民主党政権はこれまで、鳩山元首相が沖縄県の米軍普天間飛行場の県外移設を掲げて迷走したり、菅前首相が消費税率の引き上げを訴えながら先送りしたりと、党内でも「言いっ放しで実現しないことの繰り返しの2年間」と自嘲する声が漏れるほどだった。それだけに、TPP参加表明が「有言実行」の形となることで、「米国からも経済界からも『野田首相は信頼できる』と評価され、政権が安定する」(首相周辺)と自賛する声が上がっている。

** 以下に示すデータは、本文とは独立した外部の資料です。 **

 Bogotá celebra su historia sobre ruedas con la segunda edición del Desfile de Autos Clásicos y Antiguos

どのマスコミもそうだが取り分け読売とサンケイはTPPを推進派なのでそのまま信じるわけにはいかないが、もし理由がこれだと首相は国民よりはアメリカと財界しか見ていないということになる、
それともう1つ考えられるのは民主党政権の外交オンチぶりである。
民主党の外交オンチぶりは記憶に新しい尖閣諸島中国漁船衝突事件で既に立証済みだ。
「政治主導の内閣」といいながら実態は官僚まかせ、という状況が官僚のサボタージュを生み、当時の菅首相は醜態をさらした。特に外務官僚は他の省庁よりも変な意味でプライドが高いから、彼らのサボタージュは本当にロコツだった。
まあ民主党は初めて政権をとったのだから外交経験が浅いのはある程度仕方がない。しかしそれならそれで準備を普通以上にするべきだろう。

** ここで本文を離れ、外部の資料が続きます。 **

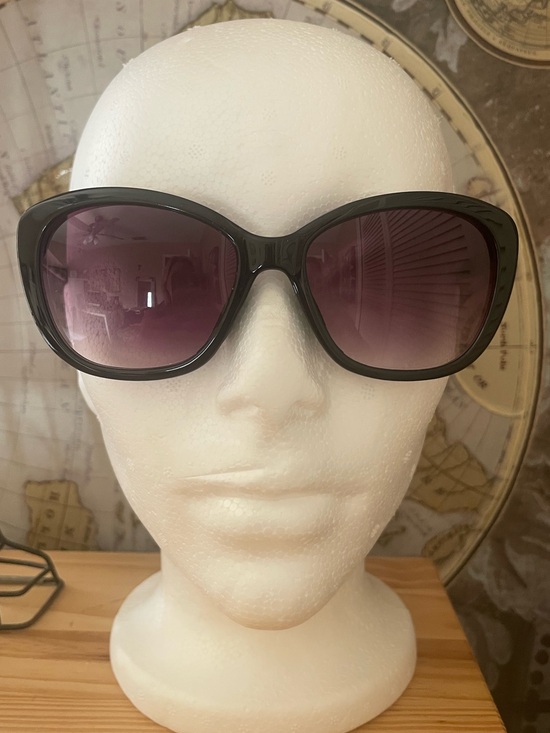 Jones New York Accessories - Jones New York Women's Black Frame Sunglasses with Purple Gradient Lenses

今回のTPPの取り組み方を見るとどうも尖閣諸島中国漁船衝突事件の教訓を学んでいるとは思えないのだ。
ラチェット規定やISD条項のリスクに対する認識も本当にわかっているのか疑問だ。そしてこれを強力に推進しようとするアメリカに対して本当に交渉能力があるとは思えない。野田首相は国会でのんきに「健康保険は維持する」などと発言しているが、ラチェット規定やISD条項はそれを許さない可能性が高いのだ。
別に小沢一郎を擁護する気などさらさらないが、このTPPのラチェット規定やISD条項がもたらすリスクを軽減するには小沢一郎のようなタフなナゴシエーターでないと到底太刀打ちできるものではない。野田首相は勿論、岡田や前原にもその能力があるとは思えない。
相手を甘く見ている。特に日本の財界も含めて国際金融資本勢力、と言われる連中を甘く見ているとしか思えない。だがアメリカ社会だけでなく世界をおかしな方向に進めているのが国際金融資本勢力なのだ。今の民主党政権が彼らに太刀打ちできるとは到底思えない。